# Predicting Home Prices Using Supervised Machine Learning
------

This notebook will walk you through use of the `homeprice_prediction.py` module.  The module uses supervised learning to make predictions of houses based on input variables.  The sample data that is included in the homeprice_prediction directory contains 512 homes with 13 variables.  They are:

1. CRIM: per capita crime rate by town 
2. ZN: proportion of residential land zoned for lots over 25,000 sq.ft. 
3. INDUS: proportion of non-retail business acres per town 
4. CHAS: Charles River dummy variable (= 1 if tract bounds river; 0 otherwise) 
5. NOX: nitric oxides concentration (parts per 10 million) 
6. RM: average number of rooms per dwelling 
7. AGE: proportion of owner-occupied units built prior to 1940 
8. DIS: weighted distances to five Boston employment centres 
9. RAD: index of accessibility to radial highways 
10. TAX: full-value property-tax rate per 10,000 dollars
11. PTRATIO: pupil-teacher ratio by town 
12. B: 1000(Bk - 0.63)^2 where Bk is the proportion of blacks by town 
13. LSTAT: % lower status of the population 
14. MEDV: Median value of owner-occupied homes in 1000's

The module uses learning curves and complexity graphs to narrow parameterization for the supervised learning model.  The notebook finishes by demonstrating how to make predictions on home prices.

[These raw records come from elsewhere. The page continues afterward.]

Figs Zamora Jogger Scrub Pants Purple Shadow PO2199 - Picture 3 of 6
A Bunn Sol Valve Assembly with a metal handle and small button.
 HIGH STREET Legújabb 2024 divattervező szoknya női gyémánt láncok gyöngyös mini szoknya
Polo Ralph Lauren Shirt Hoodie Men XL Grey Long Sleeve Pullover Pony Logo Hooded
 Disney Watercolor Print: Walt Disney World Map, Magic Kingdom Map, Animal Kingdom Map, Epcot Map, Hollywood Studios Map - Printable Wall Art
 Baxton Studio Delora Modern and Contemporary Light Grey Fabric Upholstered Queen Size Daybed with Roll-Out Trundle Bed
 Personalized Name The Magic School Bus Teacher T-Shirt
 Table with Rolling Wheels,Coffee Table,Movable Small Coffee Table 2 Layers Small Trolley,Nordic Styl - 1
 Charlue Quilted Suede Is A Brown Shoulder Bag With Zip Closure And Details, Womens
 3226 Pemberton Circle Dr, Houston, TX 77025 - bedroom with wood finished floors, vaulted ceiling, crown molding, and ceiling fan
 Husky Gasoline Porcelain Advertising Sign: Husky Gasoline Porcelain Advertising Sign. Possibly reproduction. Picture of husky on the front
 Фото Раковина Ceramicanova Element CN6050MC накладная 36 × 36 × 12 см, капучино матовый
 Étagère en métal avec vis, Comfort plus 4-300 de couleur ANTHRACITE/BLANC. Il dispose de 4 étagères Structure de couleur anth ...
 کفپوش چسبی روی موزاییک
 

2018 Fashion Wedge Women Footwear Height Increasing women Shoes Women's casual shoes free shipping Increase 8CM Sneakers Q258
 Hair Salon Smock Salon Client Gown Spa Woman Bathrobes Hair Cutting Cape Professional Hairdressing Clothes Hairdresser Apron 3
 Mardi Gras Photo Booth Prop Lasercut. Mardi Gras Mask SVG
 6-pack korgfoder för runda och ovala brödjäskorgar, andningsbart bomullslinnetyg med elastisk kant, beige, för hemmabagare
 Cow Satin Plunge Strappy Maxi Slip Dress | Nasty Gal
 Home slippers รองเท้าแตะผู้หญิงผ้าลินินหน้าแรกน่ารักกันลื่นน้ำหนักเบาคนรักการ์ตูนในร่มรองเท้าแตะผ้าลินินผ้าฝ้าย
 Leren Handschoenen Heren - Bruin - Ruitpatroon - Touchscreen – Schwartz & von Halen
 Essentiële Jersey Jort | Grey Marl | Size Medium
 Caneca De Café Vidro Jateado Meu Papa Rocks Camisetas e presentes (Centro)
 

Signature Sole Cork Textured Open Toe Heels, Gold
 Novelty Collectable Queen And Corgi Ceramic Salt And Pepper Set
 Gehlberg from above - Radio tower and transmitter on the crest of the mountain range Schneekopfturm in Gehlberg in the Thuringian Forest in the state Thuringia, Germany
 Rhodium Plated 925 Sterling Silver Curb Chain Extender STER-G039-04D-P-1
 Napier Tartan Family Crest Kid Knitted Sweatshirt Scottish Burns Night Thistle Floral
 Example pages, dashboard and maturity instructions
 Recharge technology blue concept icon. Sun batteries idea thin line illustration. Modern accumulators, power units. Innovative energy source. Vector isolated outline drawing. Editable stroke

## Load and Explore the Data

We assume data is stored here, and this is the libraries we gonna use.

In [None]:
# LIBRARIES
import homeprice_prediction

# FILENAME OF DATA CSV STORED IN SAME DIRECTORY
filename = "data.csv"

# Tell iPython to include plots inline in the notebook
%matplotlib inline

In [None]:
# Load data
data = homeprice_prediction.load_data(filename)

# Explore the data
homeprice_prediction.explore_data(data)

## Prepare data for Machine Learning Algorithms
-------

Calculate the performance of the model after a set of training data.  
    
We use a learning curve as it is a visual graph that compares the metric performance
of a model on training & testing data over a number of training instances.
    
When the testing curve and training curve plateau and there is no gap and the model has 'learned' everything.

In [None]:
# Training/Test dataset split
X_train, y_train, X_test, y_test = homeprice_prediction.split_data(data, test_percentage = 0.3)

# Learning Curve Graphs
max_depths = [1,2,3,4,5,6,7,8,9,10]

for max_depth in max_depths:
    homeprice_prediction.learning_curve(max_depth, X_train, y_train, X_test, y_test)

## Increase Model Complexity

Model Complexity graph looks at how the complexity of a model changes the training and testing curves.

More Complexity -> More Variability

In [None]:
# Model Complexity Graph
homeprice_prediction.model_complexity(X_train, y_train, X_test, y_test)

## Optimize a Model and Make Predictions

In [None]:
# Define a sample house
house = [11.95, 0.00, 18.100, 0, 0.6590, 5.6090, 90.00, 1.385, 24, 680.0, 20.20, 332.09, 12.13]

# Tune and predict Model
homeprice_prediction.fit_predict_model(data, house)